Wisława Szymborska zmarła wczoraj w swoim domu w Krakowie. Od wielu lat zmagała się z ciężką chorobą.
- Pani Wisława umarła najlepiej jak mogła - w swoim domu, w swoim pokoju, w swoim łóżku. Umarła we śnie, odeszła spokojnie - powiedział dla tvn24 Marcin Rusinek, osobisty sekretarz artystki.
Poetka urodziła się 2 lipca 1923 w Bninie (teraz Kórnik) niedaleko Poznania. Szkołę powszechną i gimnazjum skończyła w Krakowie. Jej przygoda z poezją rozpoczęła się w czasie wojny, kiedy to Szymborska pracowała w kolei. Po zakończeniu wojny ukończyła polonistykę i socjologię na Uniwersytecie Jagiellońskim w Krakowie.
Zadebiutowała wierszem "Szukam słowa" w 1945 r., który ukazał się w "Walce" - dodatku literackim do "Dziennika Polskiego". W 1952 r. został opublikowany jej pierwszy tomik poezji "Dlatego żyjemy".

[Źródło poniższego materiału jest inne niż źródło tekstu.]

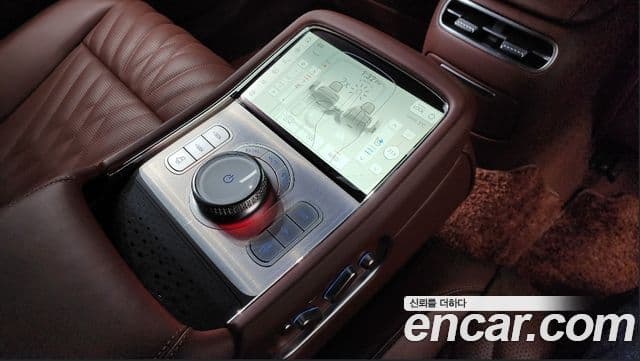 Genesis G90 (RS4) бензин 3.5 турбо AWD, 2024 19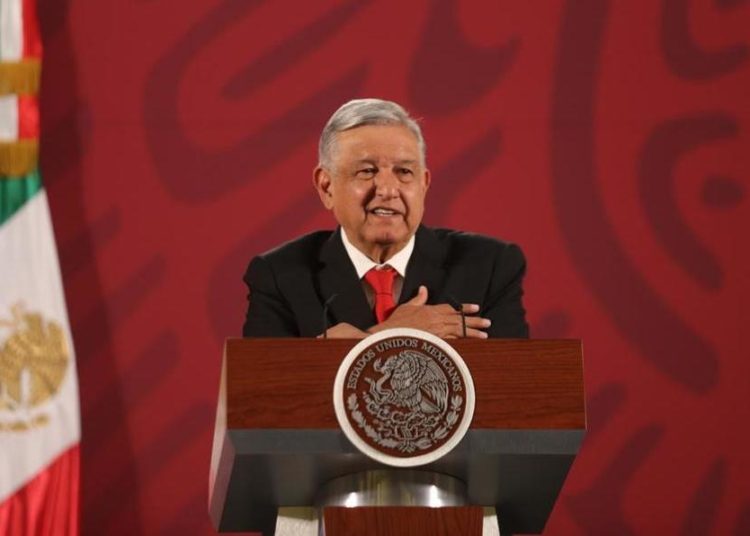 Devoran a AMLO tras no tomar medidas ante crisis de coronavirus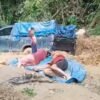 Viral! Pasutri dan Anaknya Tidur di Jalan Rusak Konawe Gegara Mobilnya Terjebak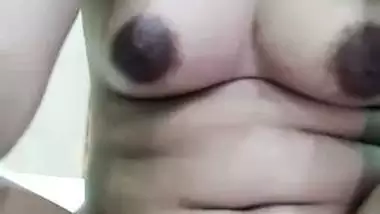 Pretty Indian wife nude fingering viral video call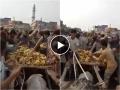 Video - अरेरे! केळी विकायला आलेल्या मुलाची हातगाडी लोकांनी लुटली; 'तो' रडत राहिला पण... - Marathi News | Video Mob in Pakistan steal from a kid selling bananas on his donkey cart | Latest social-viral News at Lokmat.com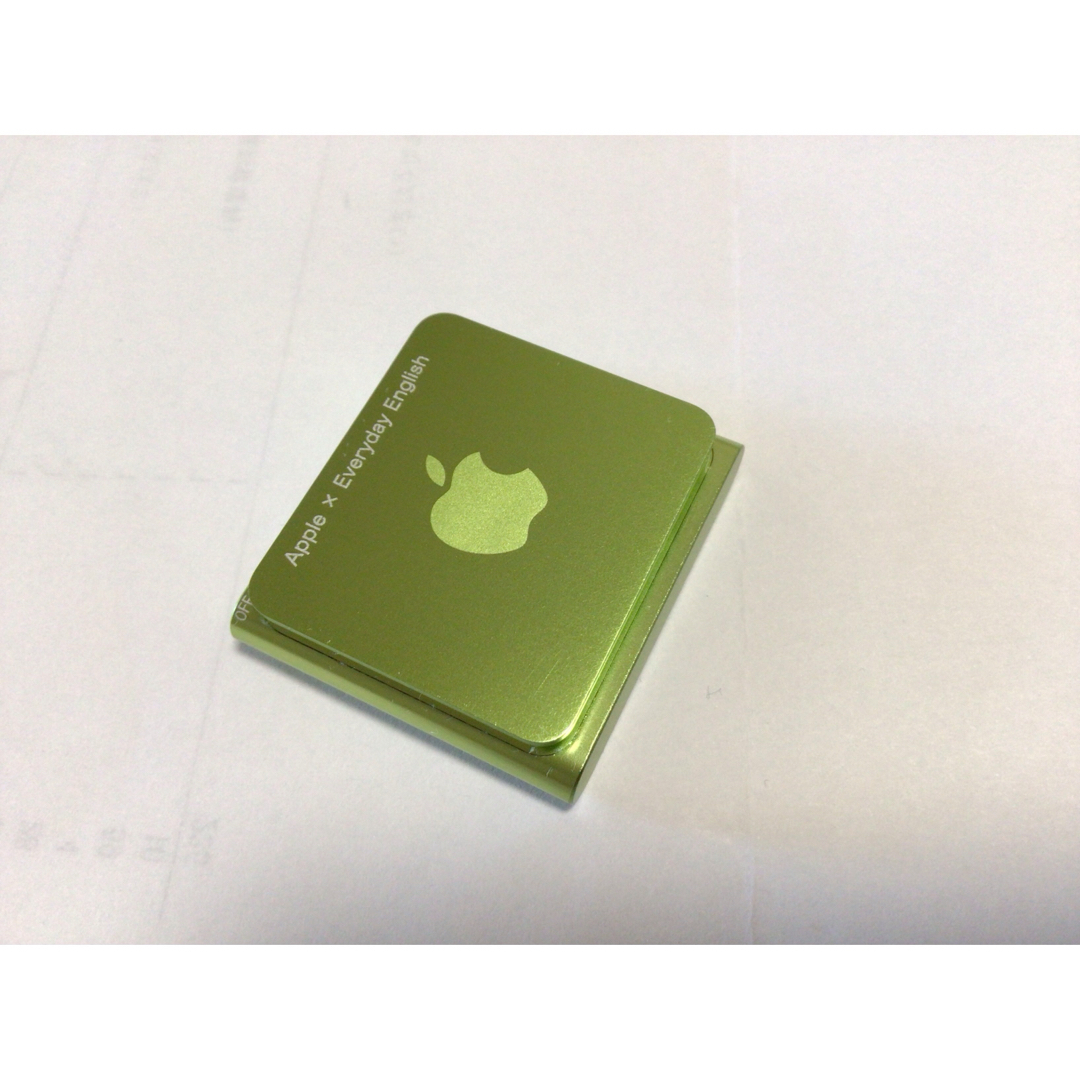 Apple(アップル)のiPod shuffle 4th gene イエローグリーン no.28 スマホ/家電/カメラのオーディオ機器(ポータブルプレーヤー)の商品写真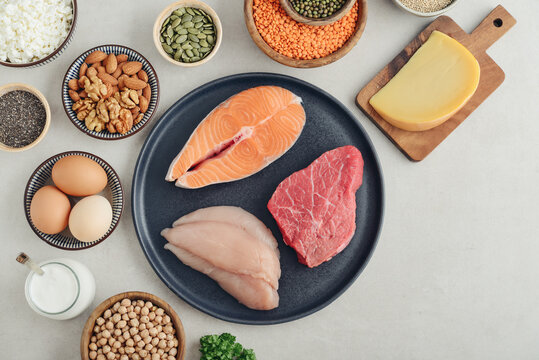 Healthy balanced nutrition with animal and plant based protein sources.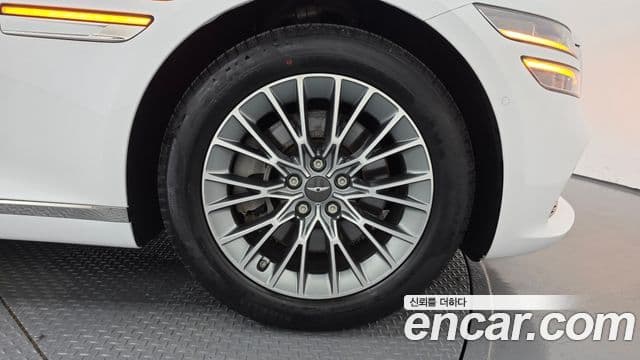 Genesis G80 2023 — Photo 23/33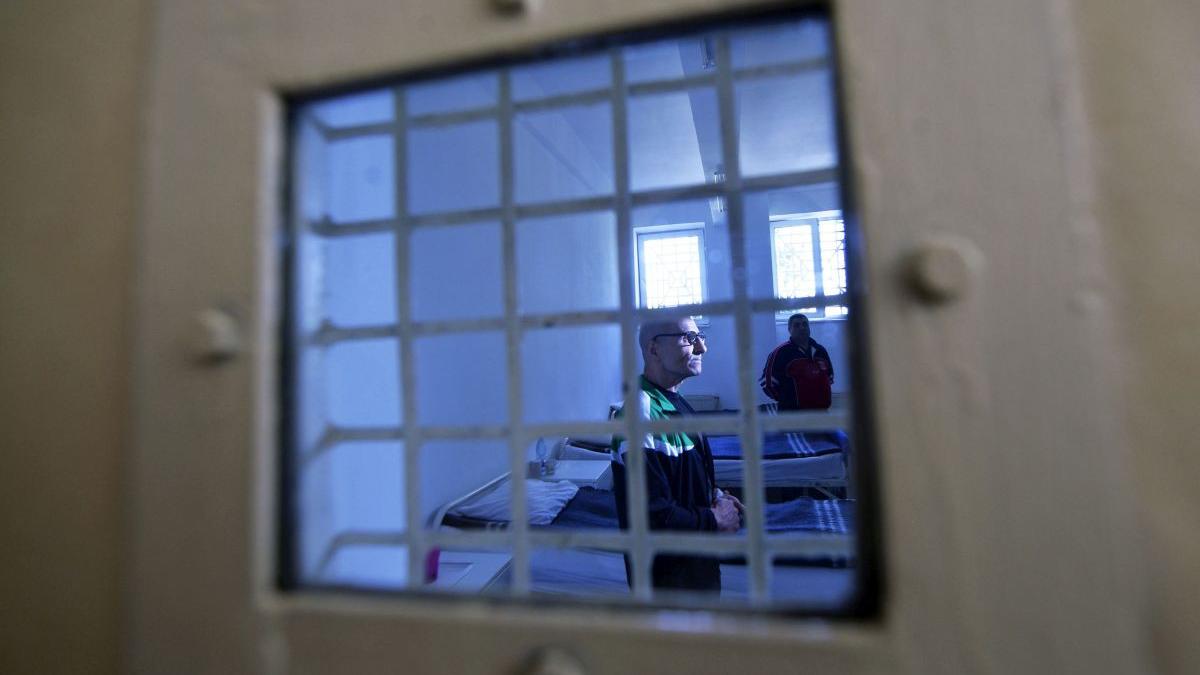 au aparut primele cazuri de detinuti infectati cu coronavirus in romania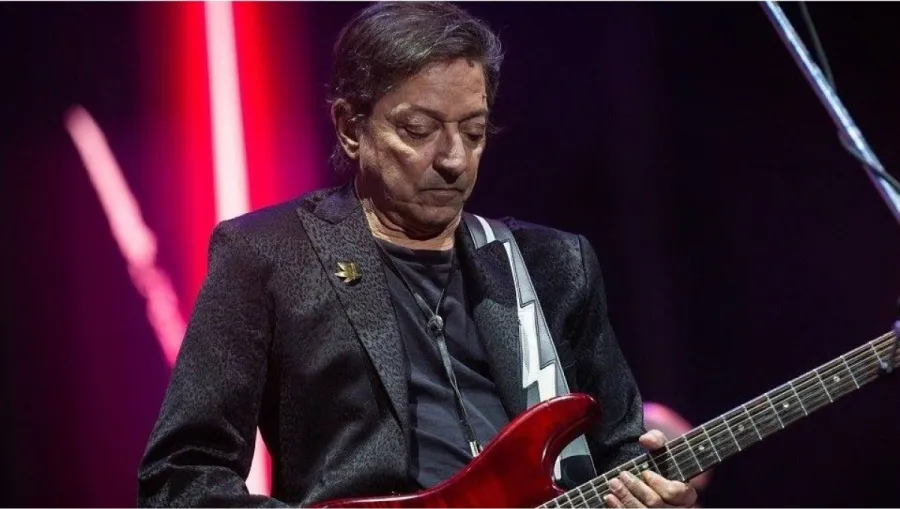 Investigan a Julio Moura, guitarrista de Virus, por la muerte de su pareja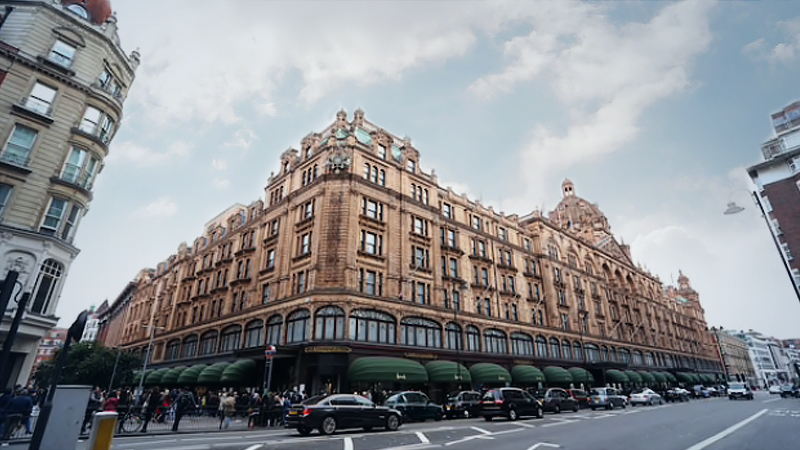 Even Harrods has to adapt to the age of coronavirus Even Harrods has to adapt to the age of coronavirus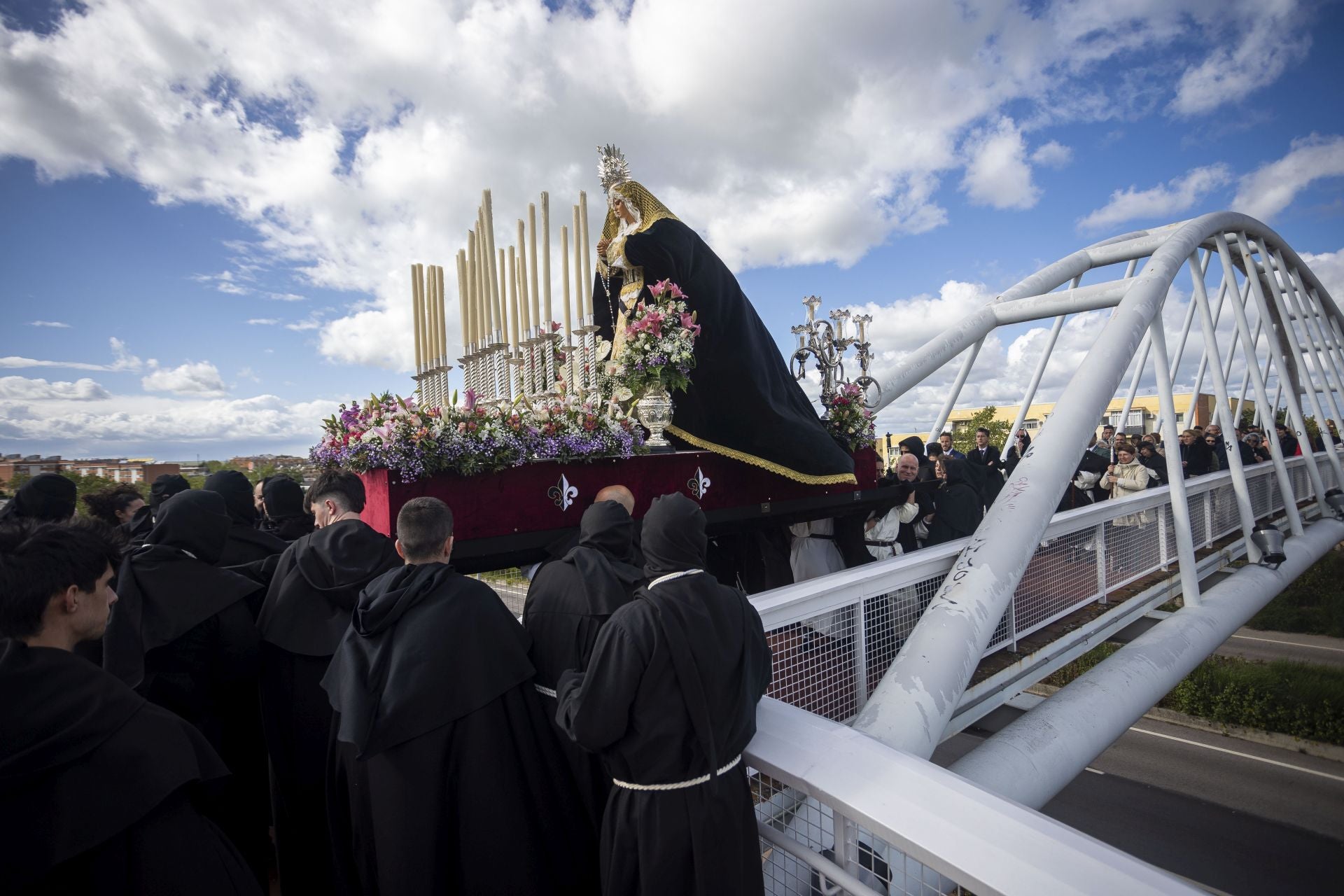 La procesión de la Cofradía del Cristo de la Victoria de Cáceres, en imágenes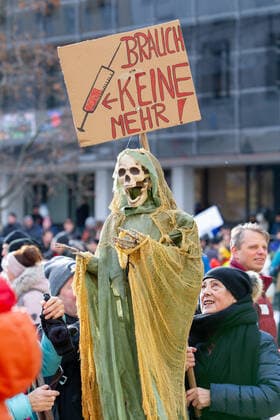 09.01.2022 Demonstration am Landhausplatz und weiter durch die Innenstadt von Innsbruck, Tirol, Österreich Demonstration für die Impffreiheit Demo gegen Corona, Coronavirus, Covid-19 Maßnahmen: Impfpflicht, Impfzwang, Impfen, Lockdown Motto der Demonstration von Team Tirol: Für unsere Freiheit FPÖ und MFG ebenfalls dabei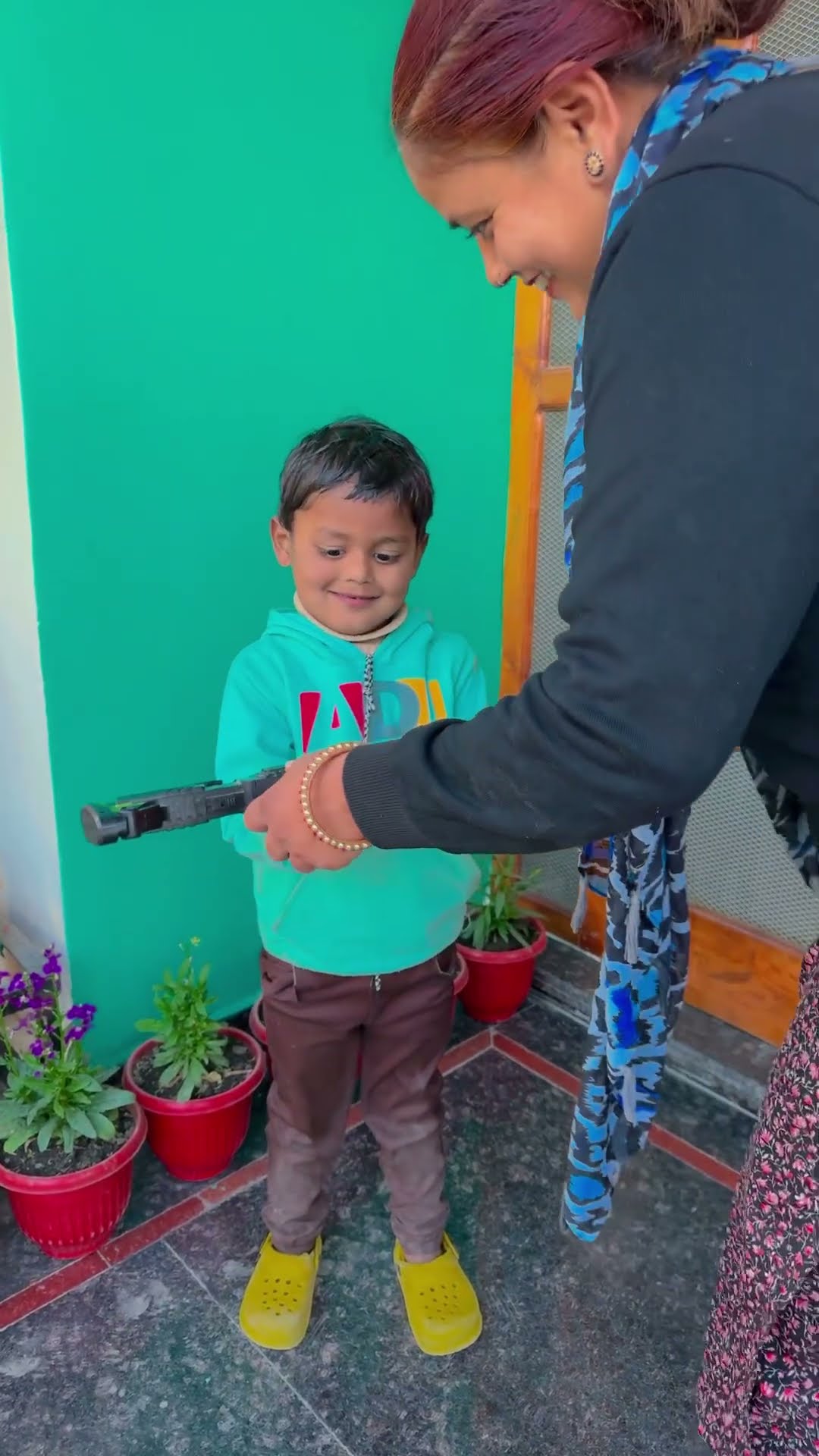 मम्मी मुझे आर्मी बनना है ❤️? #shorts #trending #funny #maa #viralvideo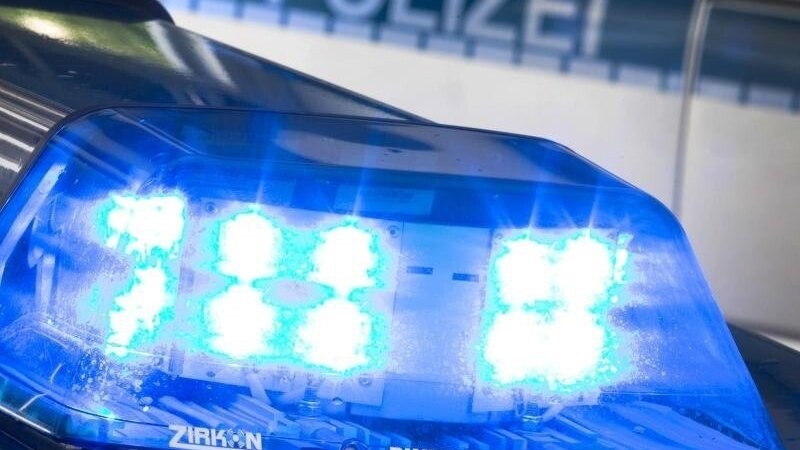 Am Freitag gegen 21.15 Uhr schlug ein Vater-Sohn-Duo in Reisbach (Kreis Dingolfing-Landau) einen 22-jährigen Mann nieder. Die beiden Angreifer wurden festgenommen. (Symbolbild)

Za swoje dokonania literackie otrzymała wiele nagród i tytułów: tytuł doctora honoris causa Uniwersytetu Adama Mickiewicza, honorowej obywatelki miasta Krakowa, Nagrodę Goethego i Nagrodę Herdera. W 1996 r. otrzymała Nobla. W 2011 r. odznaczono ją Orderem Orła Białego.
Była niezwykle skromną i przyjazną osobą uwielbianą przez sławy, jak i przez zwykłych ludzi. Ostatnie lata życia spędziła w cieniu, unikając mediów.